Mainville J.A. held that the determination of a worker’s legal status as an employee or independent contractor cannot be left to the discretion of the parties due to the significant consequences attached to this classification. In particular, he noted that the proper characterization of a worker’s legal status will impact claims of vicarious liability against the employer organization in tort law, as well as tax matters, labour relations, and worker eligibility and financial contributions required for social programs, such as Canada Pension Plan and Employment Insurance.
Instead, Mainville J.A. established at paras. 39 and 40 the following analytical framework for determining the legal status of a worker:
- Identify the subjective intent of each party with respect to the work relationship. This determination can be made either on the basis of written contractual provisions or the actual behaviour of each party. The behavioural component may include actions on the part of a designated independent contractor such as providing invoices for services performed, obtaining a valid GST registration number and filing income taxes appropriately.

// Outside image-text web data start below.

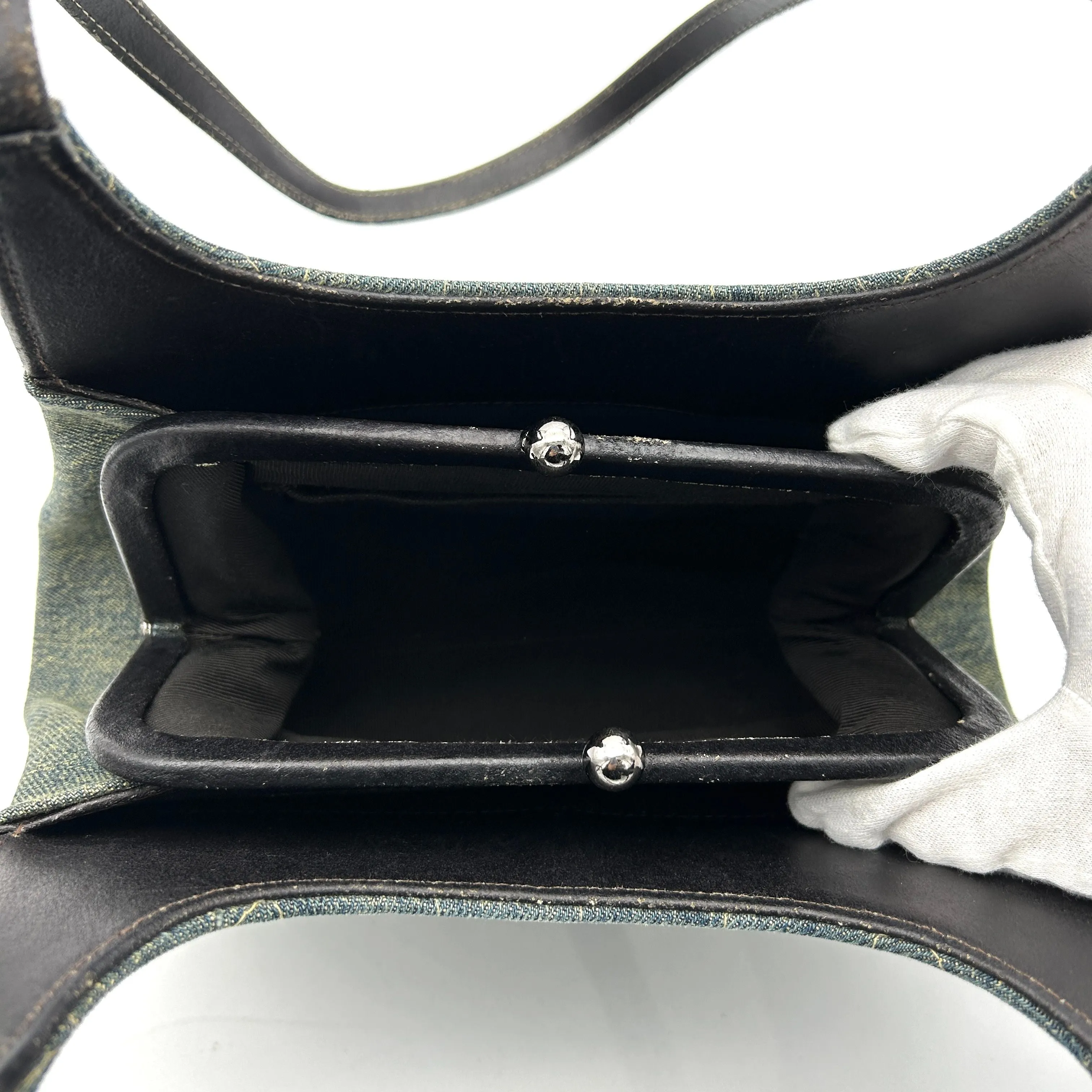 Pre-owned Chanel Denim Leather Shoulder Bag Green Medium LA18337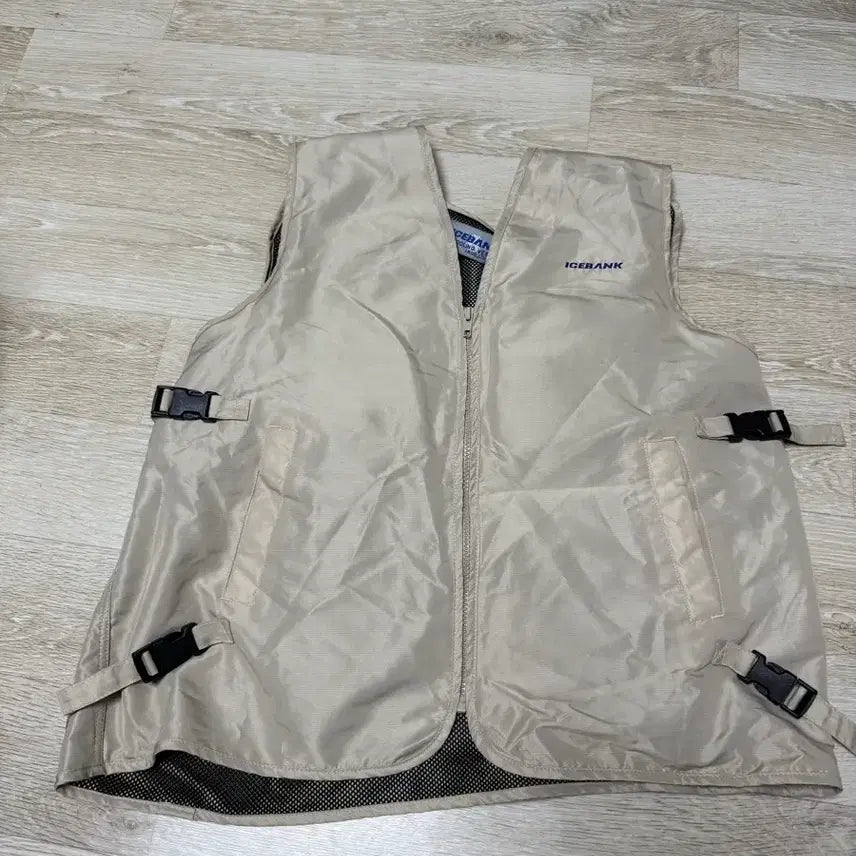 [BUNJANG] Ice Bank Cool Vest Beige L / 아이스뱅크 쿨 조끼 베이지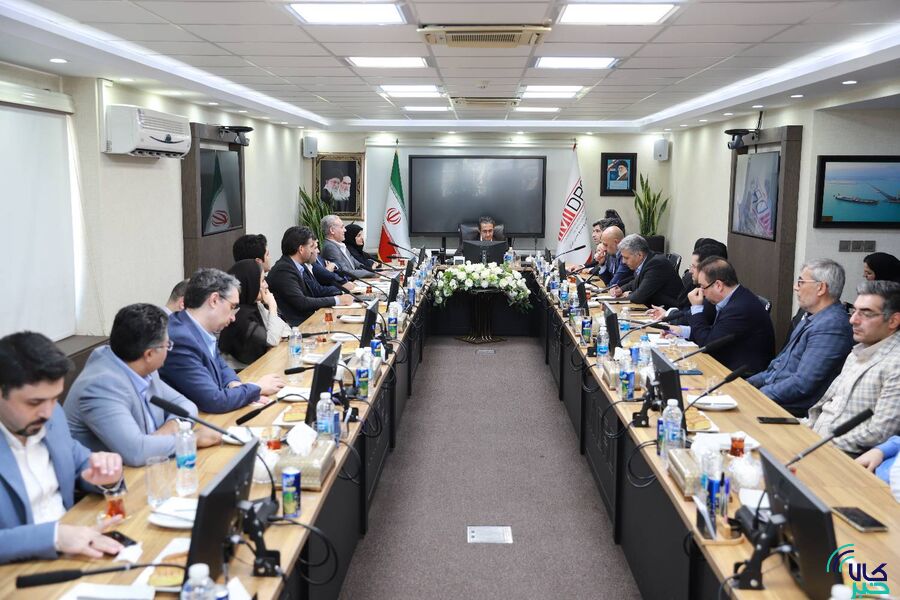 نقدینگی جامعه از مسیر گواهی سپرده کالایی راهی تولید میشود/بورس کالا میتواند به هاب بزرگ منطقه تبدیل شود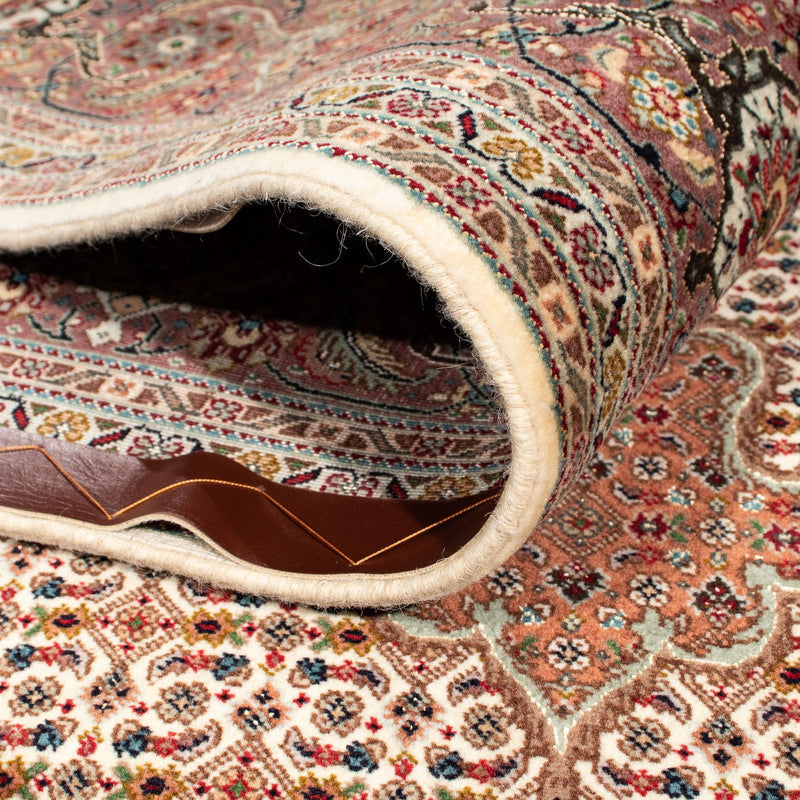 Tabriz Teppe 252x202cm - Persisk teppe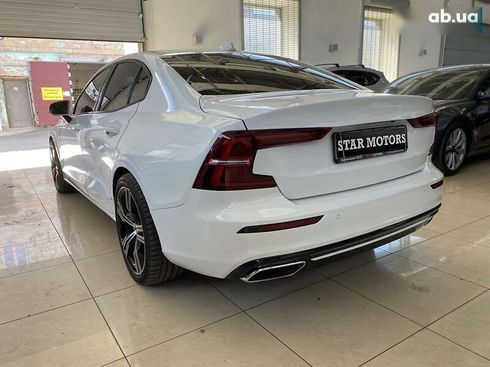 Volvo S60 2019 - фото 16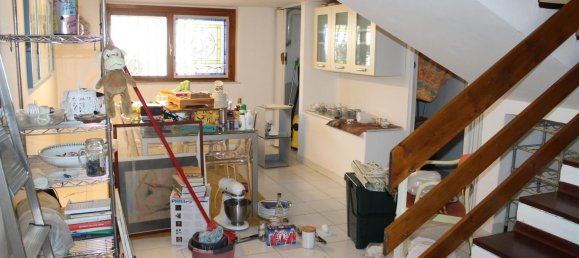 6 rooms Apartment in Carrara, Italy No. 51209 15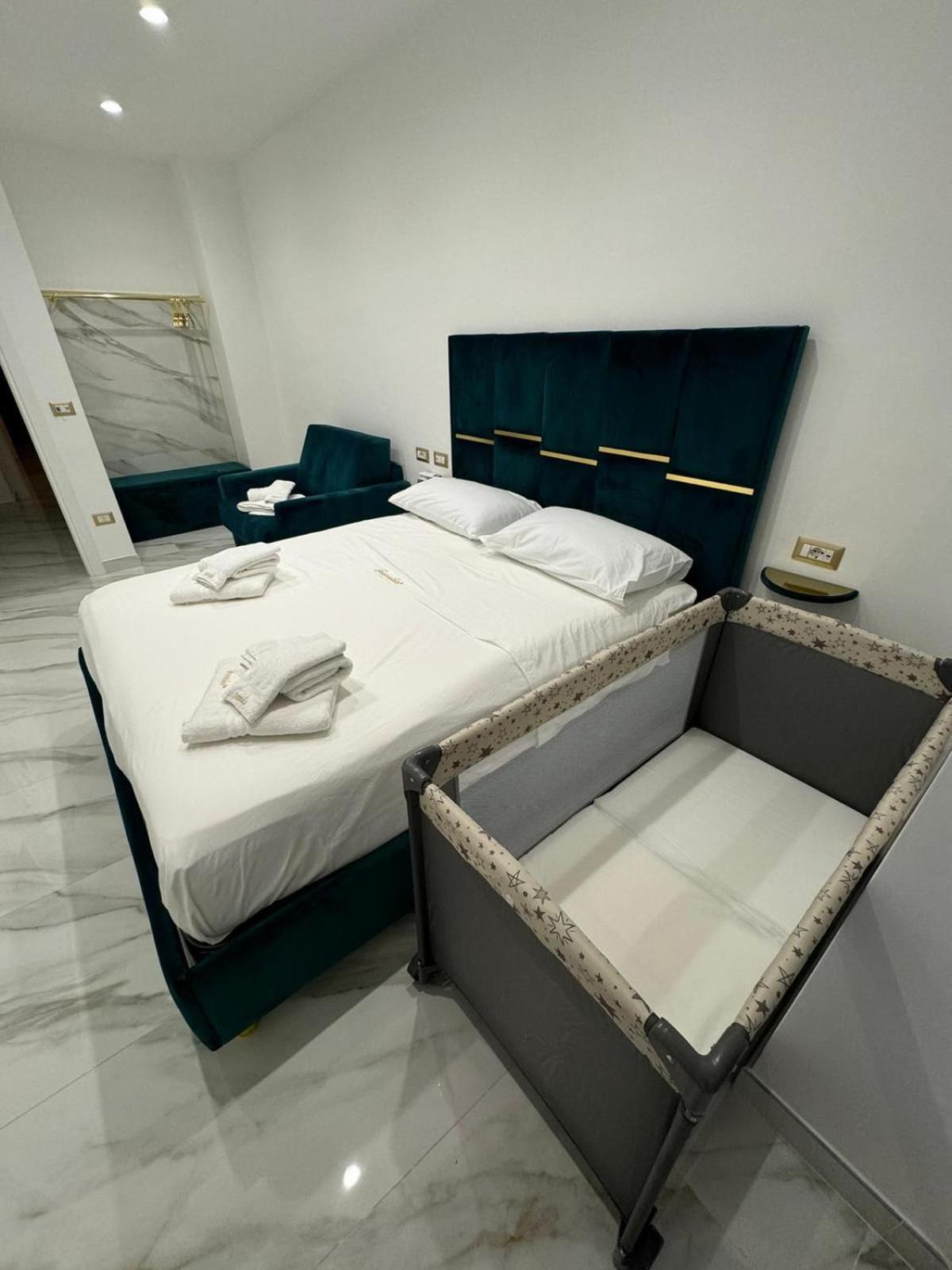 Familia Hotel Napoli Eksteriør billede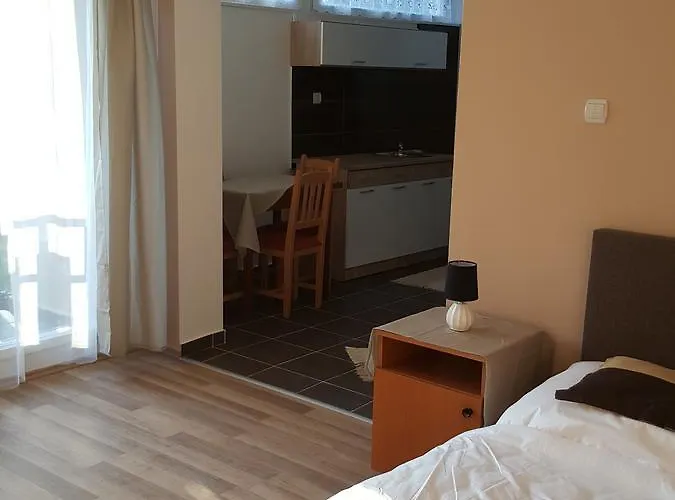 Bereny Panzio Nocleg ze śniadaniem 3*
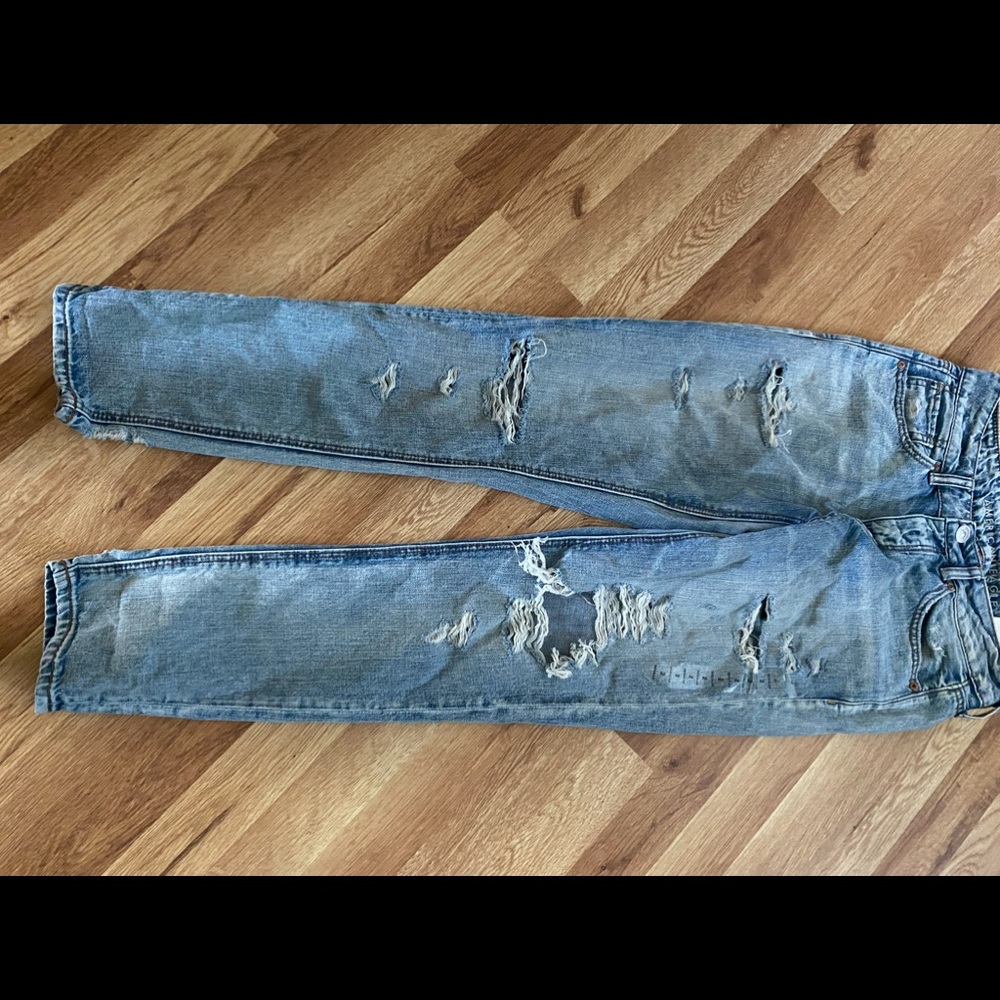 American Eagle Light Vintage Tomgirl Jeans. Size 2 New with Tags.
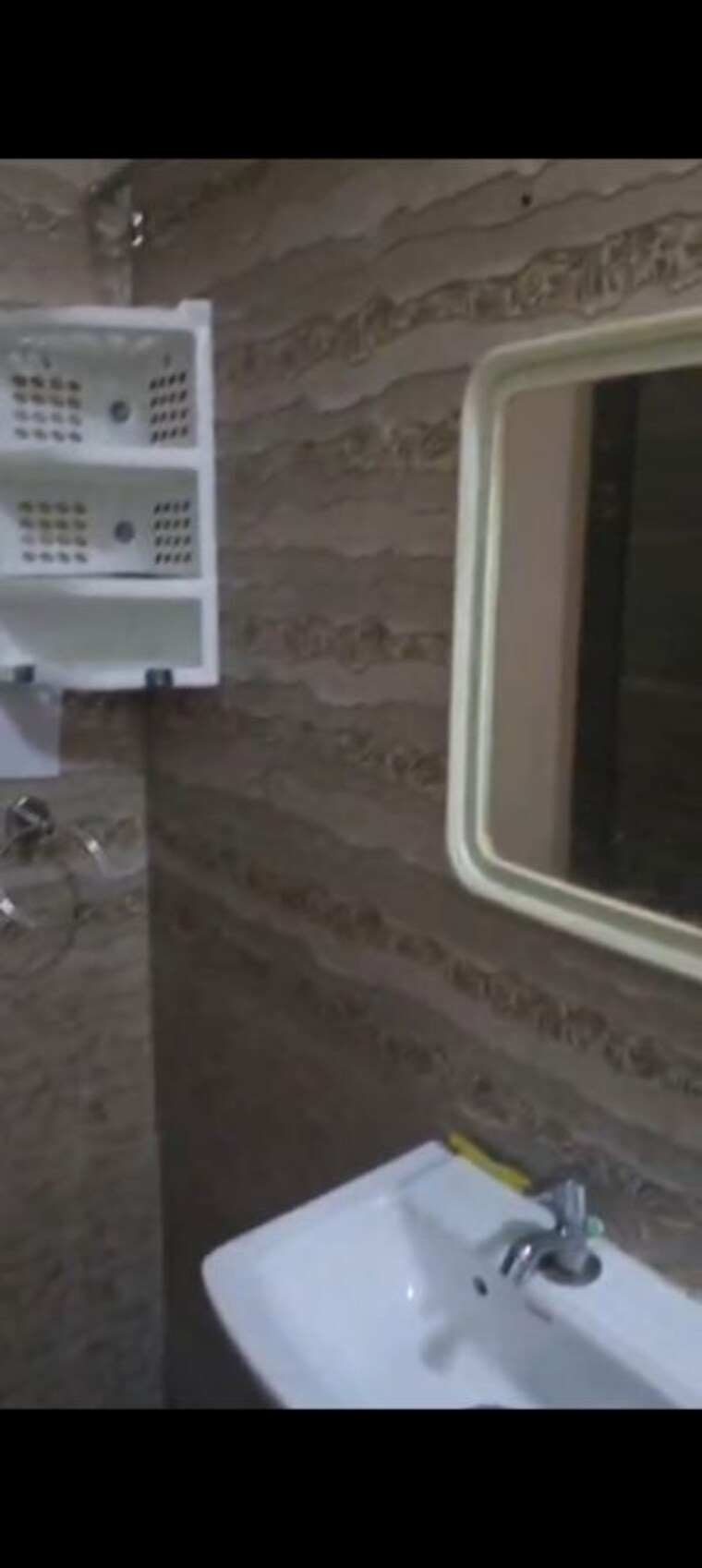 Parking, palam vihar extension 2 Bedroom 1100 Sq.Ft. Builder Floor In Palam Vihar Extension Gurgaon 10396304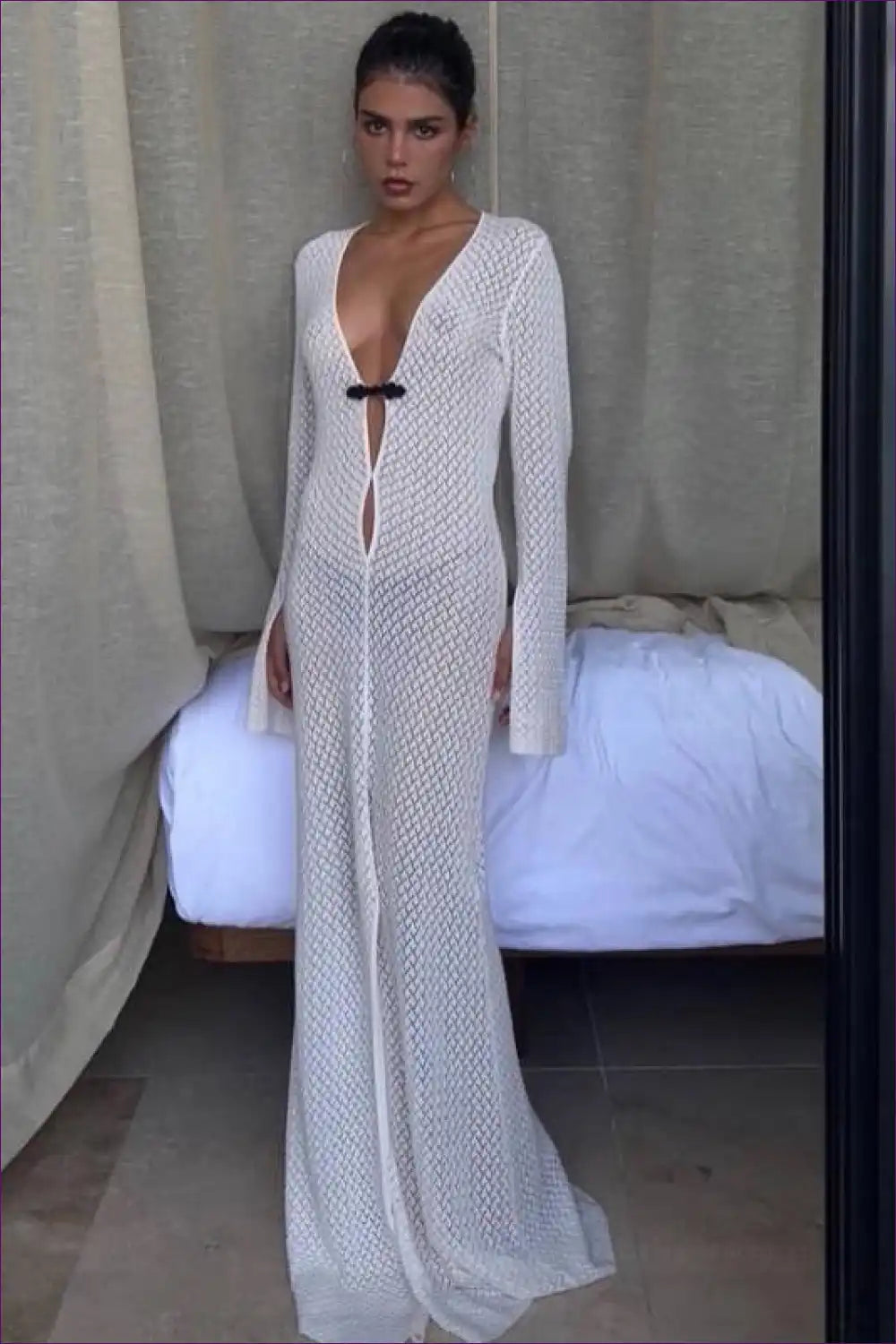 Embrace The Allure Of Summer With Our Hollow Out V-neck Maxi Dress. Effortless Boho Style For Beach Days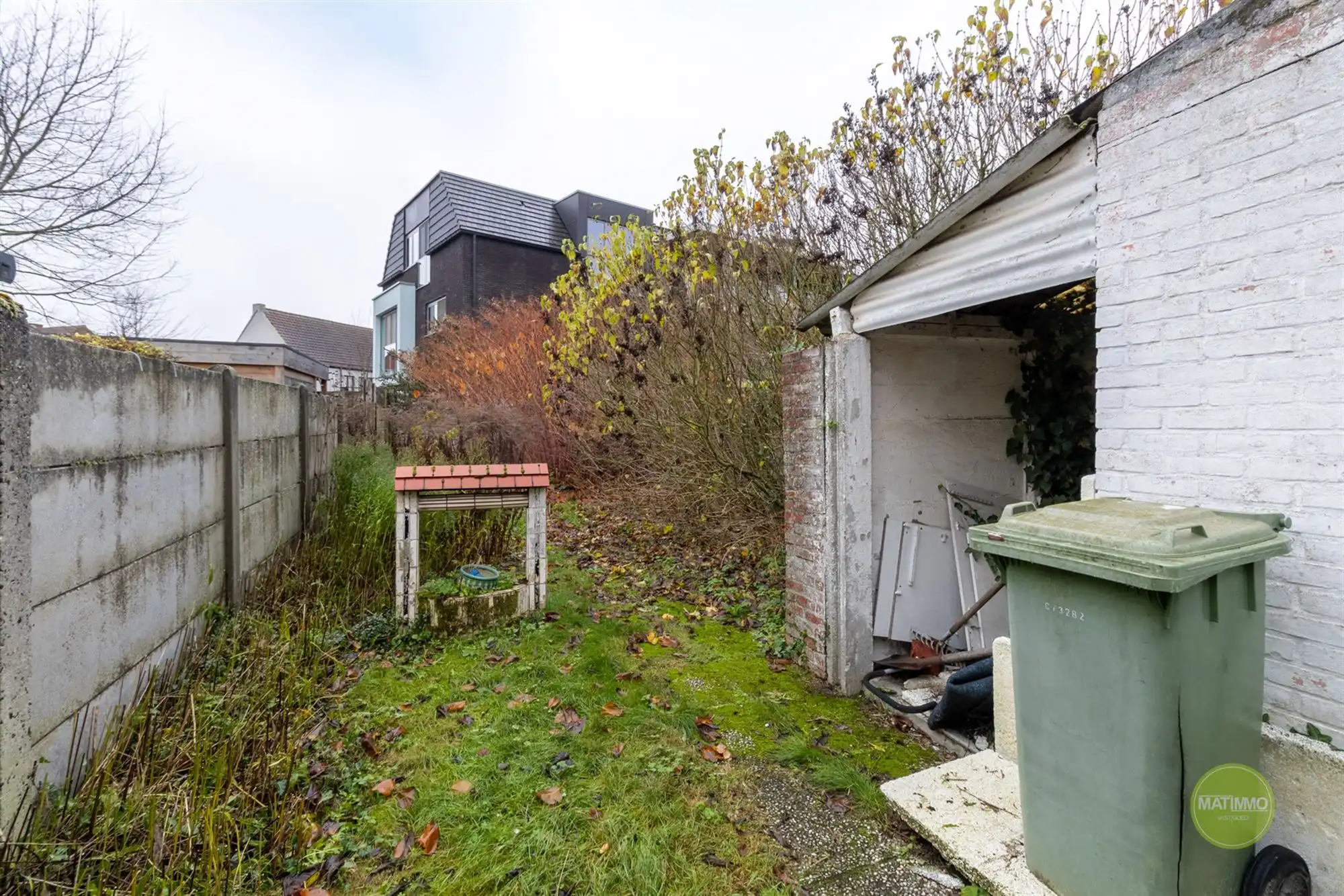 Te renoveren rijwoning met 3 slaapkamers nabij Mol Centrum foto 6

- Determine whether the objective reality supports the subjective intent of the parties. This step of the analysis involves consideration of the factors identified in Sagaz and Wiebe above.
Analysis and Outcome
Mainville J.A. upheld the ruling of the TCC judge finding that the workers were properly characterized as employees, despite the existence of contractual provisions stipulating that the workers would be providing services as independent contractors. He determined that this contractual intent was not reflected in the factual circumstances of the work relationship, in particular the following:
- The workers were required to abide by the workplace policies and procedures manual and were subject to the day-to-day control and supervision of the employer companies
- The workers performed the same duties as the recognized employees of the employer companies
- The workers were paid either a fixed hourly rate or per diem rate per child, with little ability to increase the remuneration received due to employer controls on the scheduling of work hours
- The workers were not required to assume significant financial risks or make investments in their business beyond the requirement to have a cellular telephone and access to a computer
The FCA’s decision in Connor Homes brings a measure of clarity to an area of law that is often difficult to navigate when it comes to classifying workers on the ground. The ruling clearly establishes that it is insufficient, without more, to state in a contract that a worker is an independent contractor or to rely on a mutual understanding between the parties to this effect. Connor Homes serves as a reminder to organizations to ensure that the factual circumstances of a worker’s engagement support the designation of the worker as an independent contractor.